La cucina romanesca Partendo dalla tradizione enogastronomica di Roma, città da sempre aperta alle influenze ed alle contaminazioni più diverse, il progetto si propone di ricreare i percorsi storici dei prodotti che ne caratterizzano il gusto. La cucina tradizionale romanesca nasce e si sviluppa attorno a tre filoni fondamentali. Il primo germoglia nei pressi del vecchio mattatoio di Testaccio, ed è la cucina del ‘’quinto quarto’’. I lavoranti del macello, le fraschette e le osterie che lo circondano, danno vita ad una cucina straordinaria e schietta, strutturata sulle rimanenze degli animali macellati, dopo la vendita ai benestanti delle parti pregiate, rappresentate dai due quarti anteriori e da quelli posteriori. Il restante ‘’quinto quarto’’ genera quindi una cucina di recupero che ancor oggi esercita un’irresistibile attrazione nei confronti dell’universo sensoriale dei buongustai. La trippa alla romana, caratterizzata dalla presenza della menta romana e da una generosa spolverata di pecorino grattugiato, la coda alla vaccinara, la coratella d’abbacchio (agnello) coi carciofi, le animelle, snobbate dai più ma ricercatissime nella cucina francese (le rinomate ris de veau). Il secondo filone, che cresce all’interno del Ghetto, è quello della cucina giudaico-romanesca, prodiga di preparazioni gustose: dai croccanti carciofi alla giudia agli irresistibili filetti di baccalà, fino alla torta di ricotta e visciole.
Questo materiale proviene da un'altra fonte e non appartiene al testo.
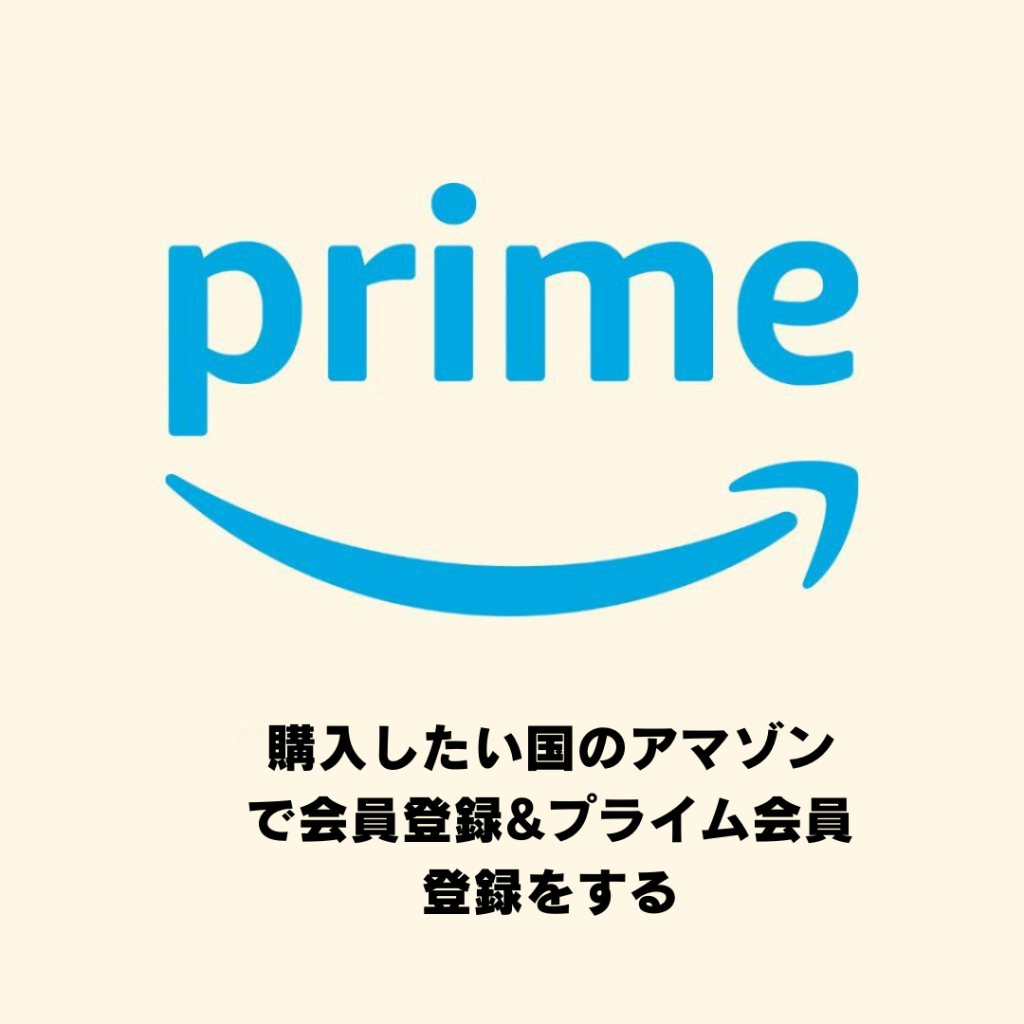 amazonプライムデー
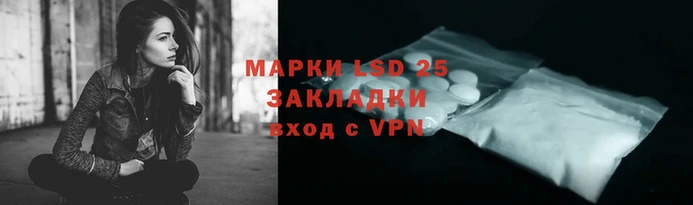 кокаин Балабаново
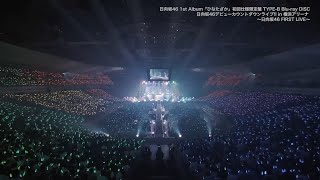 [ENG SUB] Hinatazaka46 Debut Countdown Live!! in Yokohama Arena Digest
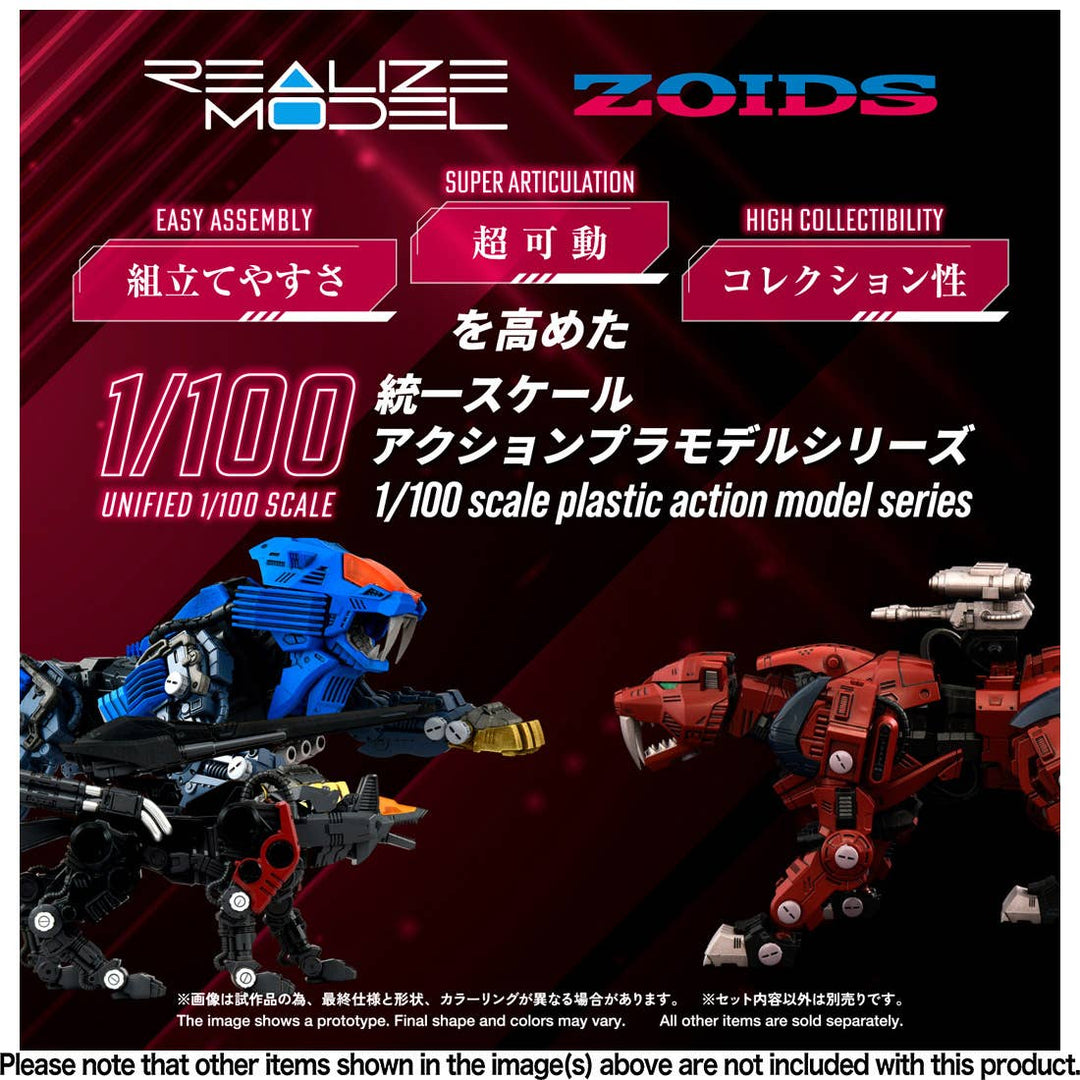 Takara Tomy - 1/100 Realize Model Zoids RMZ-015 Saber Tiger Raven Special Tiger Type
Una terza fonte di ispirazione si è arricchita con le tradizioni della cucina della campagna romana, patria di carciofi romaneschi, di abbacchi e di formaggi di pecora, e dei Castelli Romani, culla del Frascati e della Porchetta di Ariccia, ma anche di succulente fettuccine, condite con le “regaje” di pollo. Una cucina insomma, famosa in tutto il mondo, incentrata su prodotti poveri ma genuini, che un territorio munifico assembla sapientemente da secoli. La cucina di Roma: gli spaghetti all’amatriciana, i carciofi alla giudia, la coda alla vaccinara, compendia, insomma, niente di più che l’incontro virtuoso con le terre del Lazio, coi suoi prodotti e con le sue tradizioni, culturali e gastronomiche.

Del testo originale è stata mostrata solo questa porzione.